- **WORK REQUIRED**
Would you transcribe exactly the lines from the beginning of the records below through the line with "A cozy log cabin", both included, omitting the pictures?

Image-caption web data

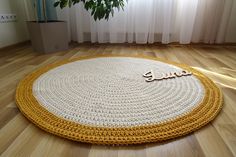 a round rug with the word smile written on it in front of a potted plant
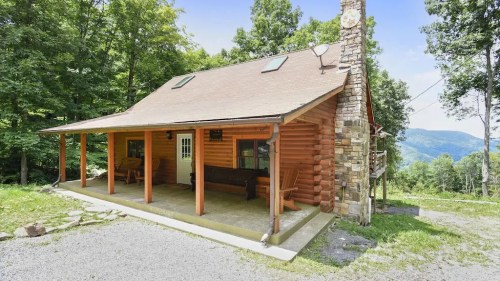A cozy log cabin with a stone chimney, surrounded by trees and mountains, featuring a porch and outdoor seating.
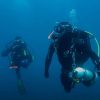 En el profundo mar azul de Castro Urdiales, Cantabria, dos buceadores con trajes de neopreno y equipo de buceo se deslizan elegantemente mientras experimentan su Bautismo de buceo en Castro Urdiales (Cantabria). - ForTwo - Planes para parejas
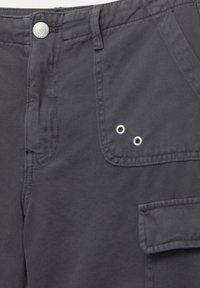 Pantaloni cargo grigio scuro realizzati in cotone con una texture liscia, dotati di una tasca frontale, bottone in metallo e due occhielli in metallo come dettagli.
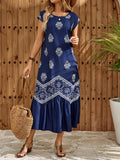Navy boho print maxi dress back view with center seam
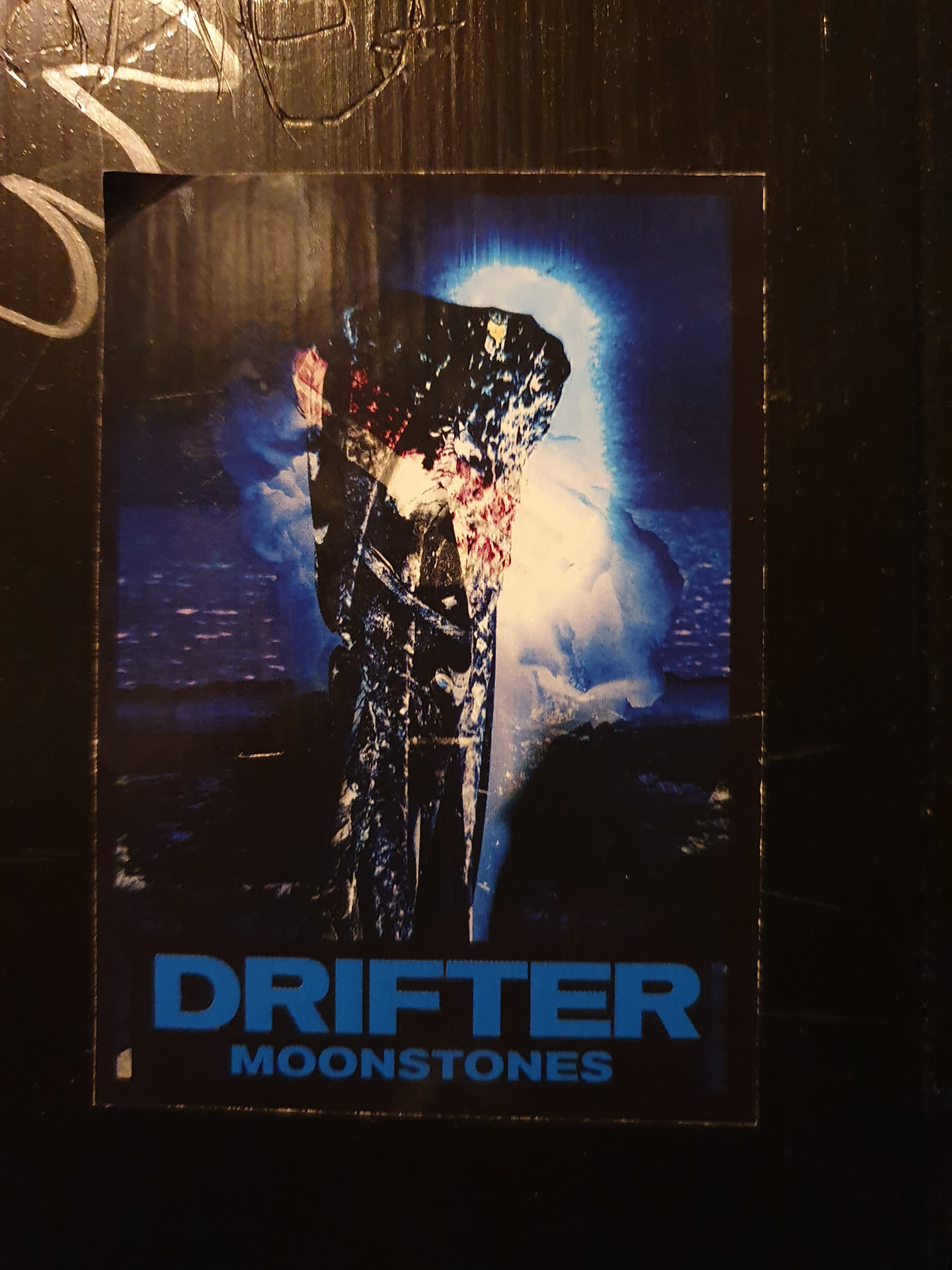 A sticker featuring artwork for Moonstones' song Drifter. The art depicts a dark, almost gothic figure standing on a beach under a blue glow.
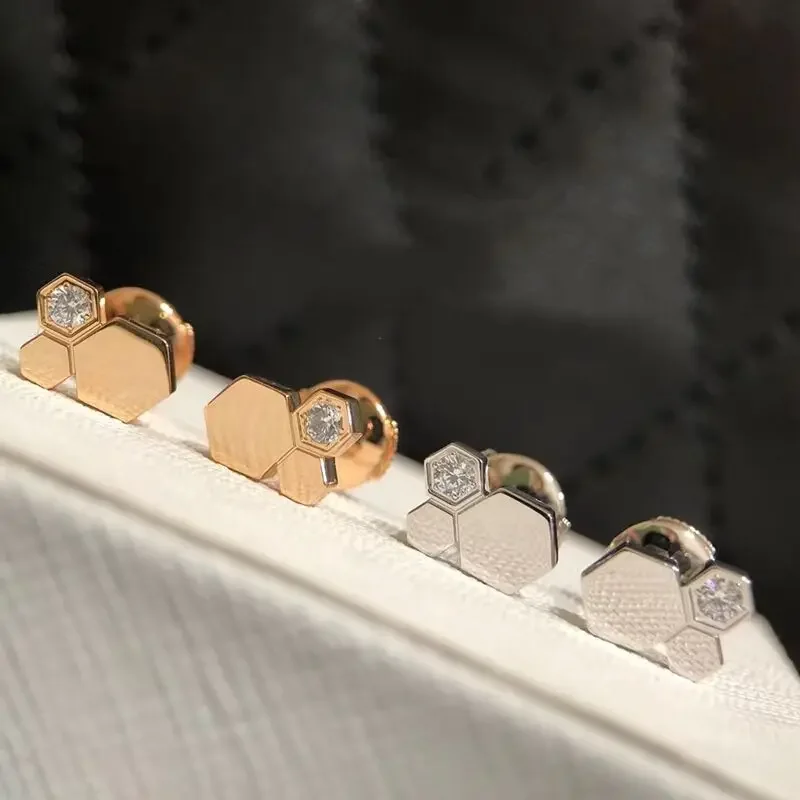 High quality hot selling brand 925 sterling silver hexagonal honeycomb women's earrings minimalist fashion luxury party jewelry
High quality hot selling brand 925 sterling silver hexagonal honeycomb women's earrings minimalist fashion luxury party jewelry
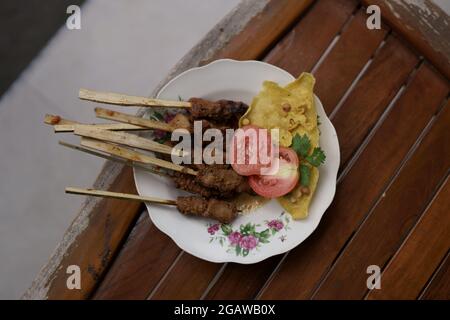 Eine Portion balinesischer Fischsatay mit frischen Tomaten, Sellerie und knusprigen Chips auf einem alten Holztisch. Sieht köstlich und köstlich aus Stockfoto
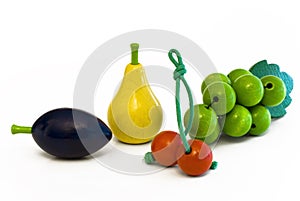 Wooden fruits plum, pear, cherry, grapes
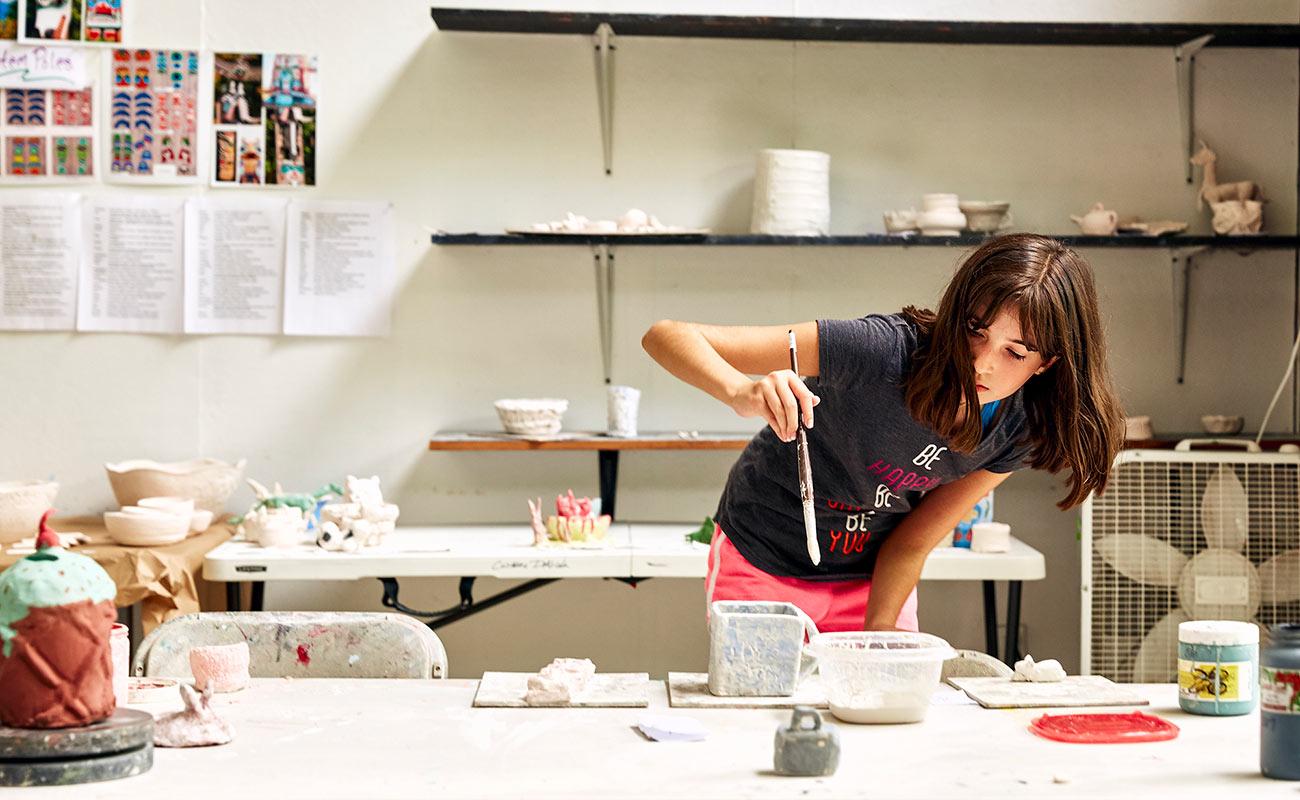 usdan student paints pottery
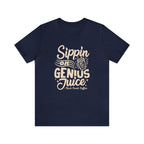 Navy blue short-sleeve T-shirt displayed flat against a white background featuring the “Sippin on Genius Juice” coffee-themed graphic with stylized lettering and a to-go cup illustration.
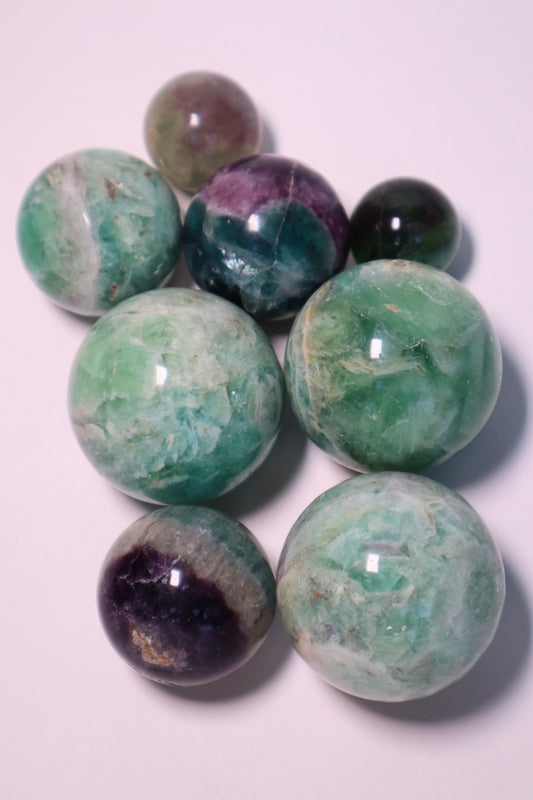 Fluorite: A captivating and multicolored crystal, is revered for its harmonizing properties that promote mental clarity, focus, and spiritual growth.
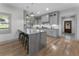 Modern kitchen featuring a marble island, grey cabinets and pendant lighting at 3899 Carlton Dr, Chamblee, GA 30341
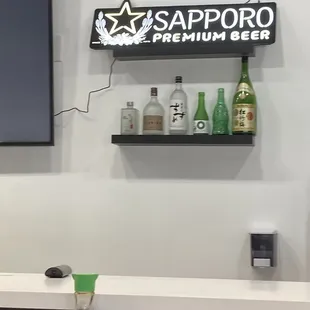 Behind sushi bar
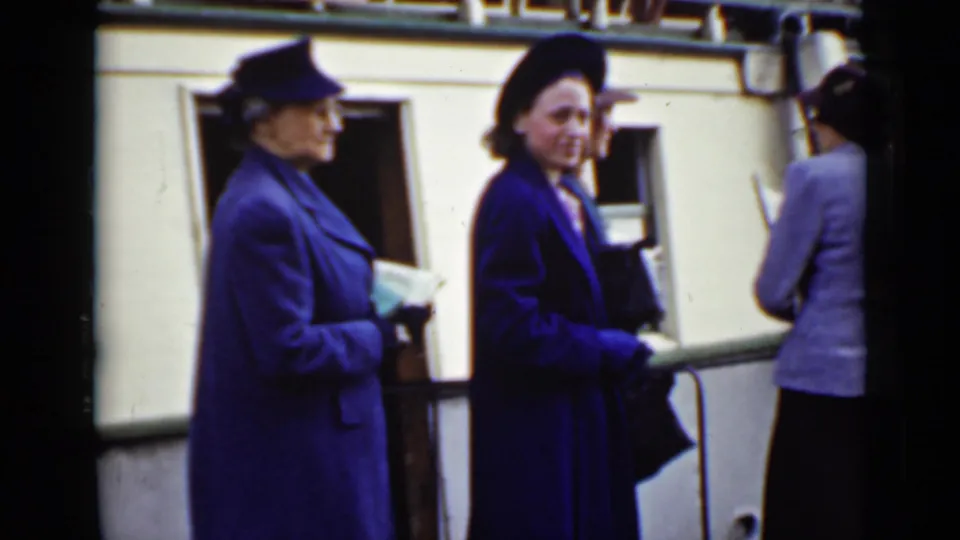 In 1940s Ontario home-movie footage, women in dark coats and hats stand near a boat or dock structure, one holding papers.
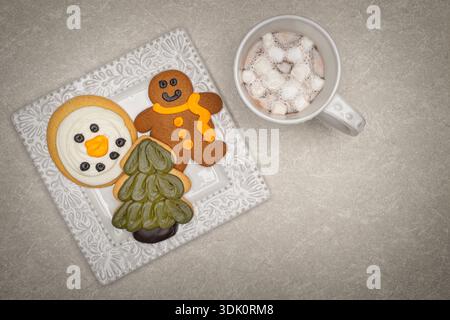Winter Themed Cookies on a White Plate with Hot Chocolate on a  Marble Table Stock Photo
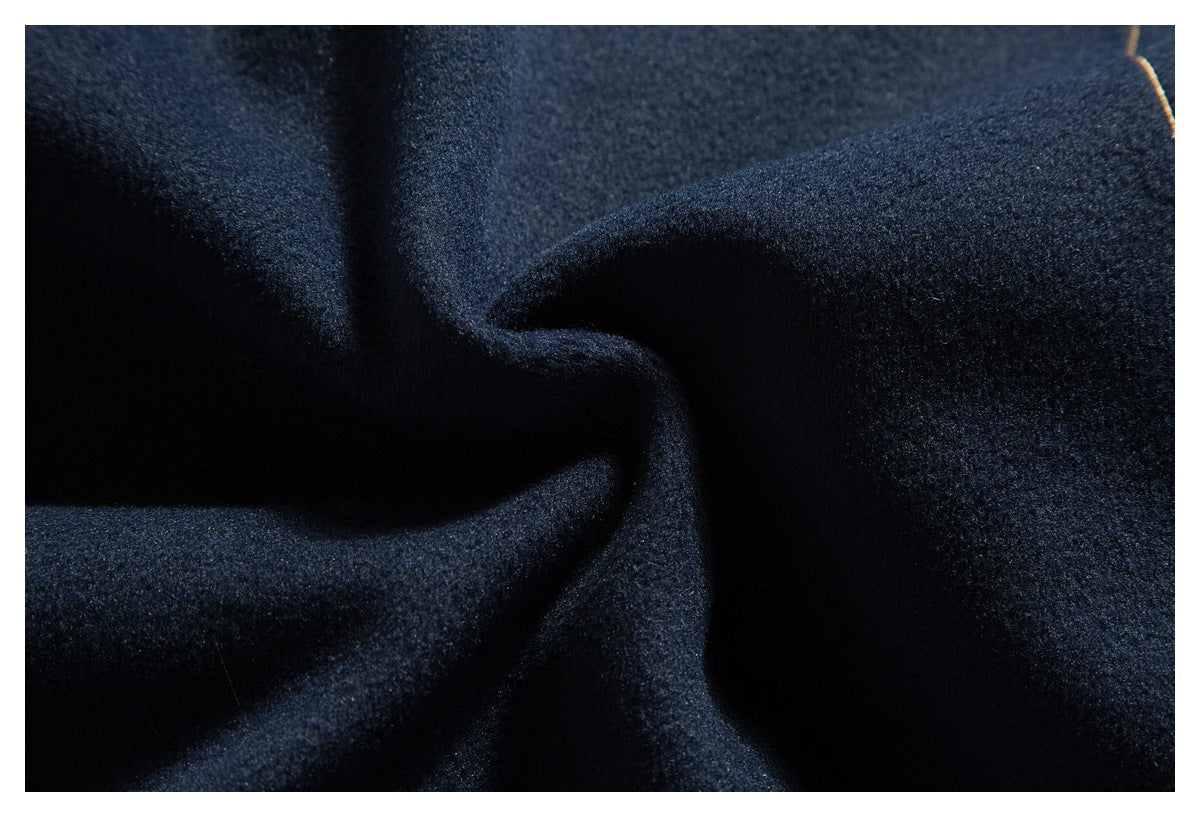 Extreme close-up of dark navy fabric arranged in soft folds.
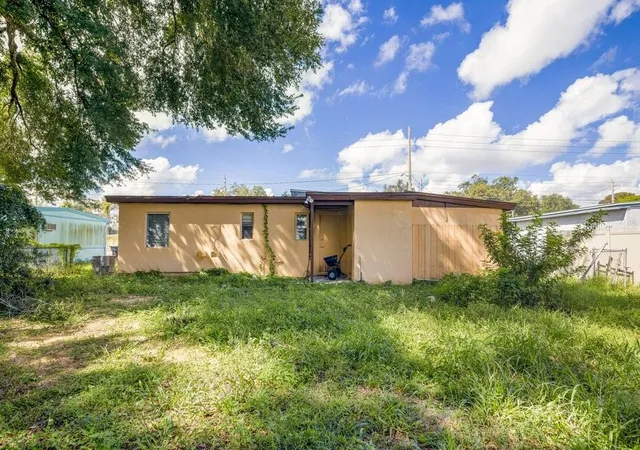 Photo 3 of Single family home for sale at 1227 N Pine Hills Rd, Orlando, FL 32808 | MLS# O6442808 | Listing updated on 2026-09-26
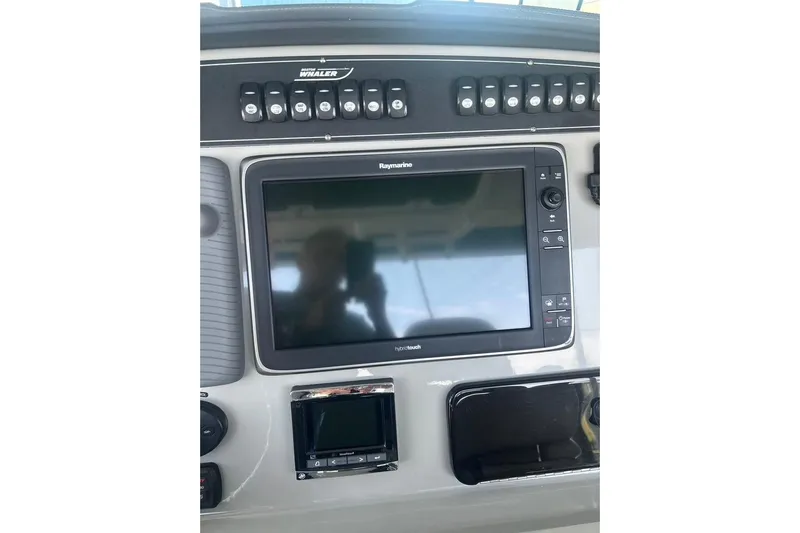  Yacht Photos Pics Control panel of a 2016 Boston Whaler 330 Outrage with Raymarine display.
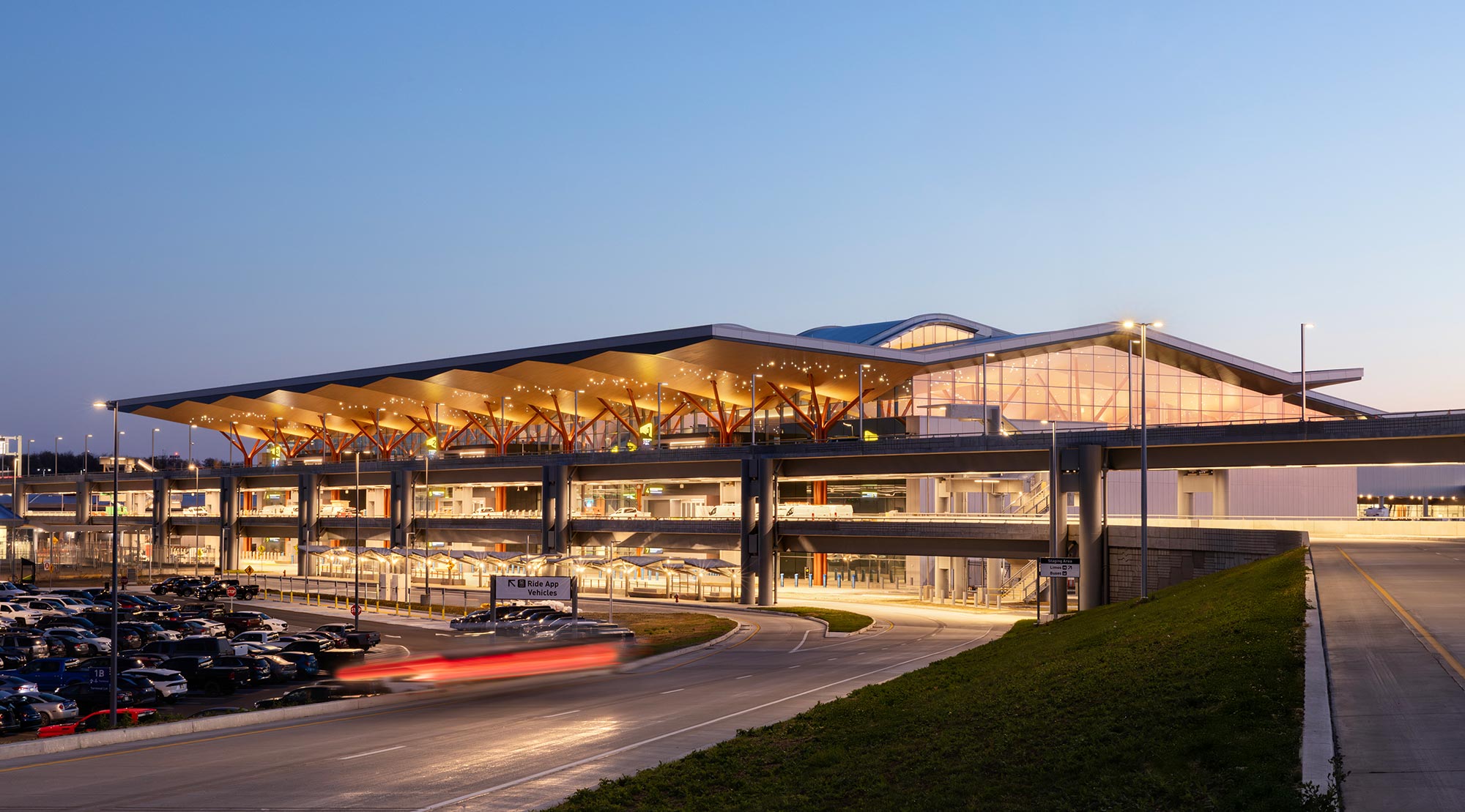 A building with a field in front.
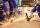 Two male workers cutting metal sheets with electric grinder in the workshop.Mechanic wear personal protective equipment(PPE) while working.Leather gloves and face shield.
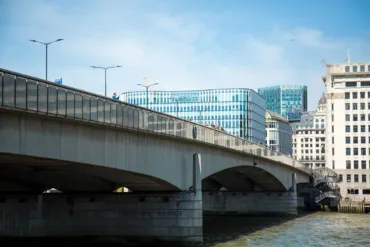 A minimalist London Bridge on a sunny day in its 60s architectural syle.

- **RESPONSE AREA**
 a round rug with the word smile written on it in front of a potted plant
A cozy log cabin with a stone chimney, surrounded by trees and mountains, featuring a porch and outdoor seating.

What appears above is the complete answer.